SPAWAR has done work with "external magnetic fields." Those fields penetrate the cell, practically as if the cell materials aren't there. There are known effects of a magentic field.

Nobody else has ever shown an effect from an "external electric field." And I doubt anyone is going to try. This paper provides no reason to do so! There is no comment on any possible enhancement of the heat effect or any other possible nuclear effect. This appeared in an electrochemistry journal. It was presumably of some interest as to shifts in the complex deposits formed with PdD codeposition or deposition/evolution. It has some pretty pictures. For comparison, there is one image of a "non-electric field" deposit that doesn't look a whole lot different from one with a field, and then lots of various images of complex structures, with an implication that these are related to the electric field. No real survey of what structures are found under either condition.

But once we realize that the "external electric field" cannot be exerting any significant force on the cathode, we know that any possible DC electric field effect is completely buried deeply in the noise that does exist because of the electrolysis current (electrolysis is pretty noisy, the resistance varies substantially as bubbles are generated and released), we can easily see that the effects ascribed to the electric field must have some other cause, or don't exist, they are just illusory, as easily happens with subjective reports of "difference."

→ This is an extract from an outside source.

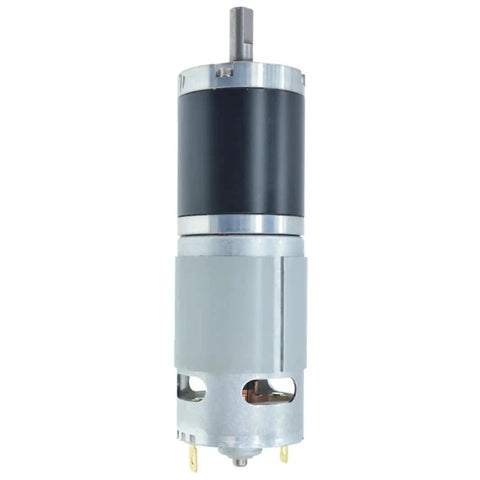 Beefy Power DC Planetary Gear Motor with metal construction, 43 RPM 12V, showing shaft detail for robotics and machinery use.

There is a possible other cause, this is a high-voltage source from a television, I think, and those often have a high-frequency element because of how the high voltage is generated. There may be a level of vibration in the cell, possibly above the audio range, I don't know what it would be. That vibration of the cell at some frequency would affect morphology is quite believable. Easy to test. But probably not worth the effort! There is *so* much else to do, with much greater implications.

Rich Murray noticed the error, and, this time, brought it up, I think, because Duncan referred to some SPAWAR images. Then Rich confused this electric field work with other work where the little "volcanos" are shown, and came up with speculations about how leakage of the high voltage could somehow sneak into and burn holes in the cathode.

Nope. Totally irrelevant, those volcanos are not part of this work, apparently (though maybe there is some reference or image elsewhere). The paper cited shows one "cavity." With unknown implications. No controls, so it's very difficult to determine causation or common cause. (They have obviously done a great deal of work without electric fields, but there was no *parallel* control, where all the conditions were necessarily kept the same. They also ascribed an effect to the field being turned on that easily could have been from the simultaneous doubling of electrolytic current, and probably was. That's not directly stated in the paper, you have to put it together from the description at first of the protocol. Later, they just say that when the HV was turned on -- or "the cell was placed in the field" [not a quote] -- the palladium deposit swelled. Turning up the current can be expected to increase loading, which can be expected to swell the palladium a bit.